Write Back - this type of memory can be cached in the processor, allows write-back and write-combining, allows speculative reads and does not require any ordering of the read operations.
Write Through - this type of memory can be cached in the processor, does not allow write-back, allows write-combining and speculative reads, and does not require any ordering.
Write Combining - this type of memory cannot be cached in the processor, does not allow write-back, allows write-combining and speculative reads, and imposes weak ordering (that is, reads are ordered with respect to write operations).
Uncacheable - this type of memory cannot be cached in the processor, does not allow write-back, speculative reads, or write-combining (by default). However, write-combining may be allowed by explicitly enabling it in the MTRR.
Strong Uncacheable - this type of memory does not allow any type of caching, write-back, write-combining, or speculative reads. All access is strongly ordered (that is, reads occur in order, writes occur in order).
Of course, these types of memory caching are realized by combining the various control mechanisms to yield the final type of cacheable memory. When determining the cache policy of a given region of memory, the CD bit is first considered; if it is set, caching is disabled, and no other attributes are considered. If the CD bit is clear, then the MTRR and page level cache controls are considered, with the most restrictive policy being enforced. If the write-back and write through policies conflict, then the write-through policy takes precedence. Write-combining policy takes precedence over write-through or write-back policy as well. Write-combining can only be established via the MTRR or PAT mechanisms in any case.
In addition to managing the cache policy on individual pages, there are also specific instructions in the Pentium 4 that can be used to perform operations that directly affect the cache itself. These include the cache invalidation operations (INVD and WBINVD,) the prefetch hint operations (PREFETCHh,) cache flush (CLFLUSH) and non-cache polluting move operations (MOVNTI, MOVNTQ, MOVNTDQ, MOVNTPS, and MOVNTPD.)
Even with all of this processor support for cache coherency, there are a number of cases when it is the responsibility of the developer (generally the operating system) to handle some cache coherency issues:
Self-modifying code: because the trace cache consists of decoded micro ops, if the original code is changed, the trace cache must be invalidated by using a serializing operation. There are several, but the documentation for the Pentium 4 clearly favors CPUID.

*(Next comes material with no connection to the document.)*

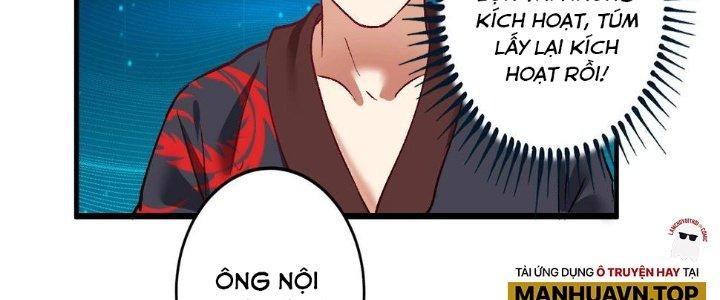 Thành Tựu Của Ta Rất Nhiều Chapter 100 - Trang 3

Dual-ported memory: because changes to dual ported memory can occur outside the ability of the cache coherency mechanism to detect. Thus, the operating system must explicitly perform cache invalidation (using an appropriate instruction).
Page Table Changes: because the Pentium 4 includes speculative execution, a change to a page table entry must be followed by a TLB invalidation to ensure that stale TLB information is not used. In other words, changes to the page table are not reflected in invalidations of the TLB that caches information retrieved from the page table.
With these various caching mechanisms in place, the overall performance of the Pentium 4 is greatly improved. By including strong cache control within the processor itself, the operating system is only minimally burdened. The architecture of the Pentium 4 also works quite well in the presence of multiple processors. However, the operating system must deal with coherency of the page table information, and ensure that cache policy is uniform across processors (e.g., the PAT must be identical on each processor).
While complicated, caching greatly improves the overall system performance. Of course, a faster processor is just the first part of the performance puzzle!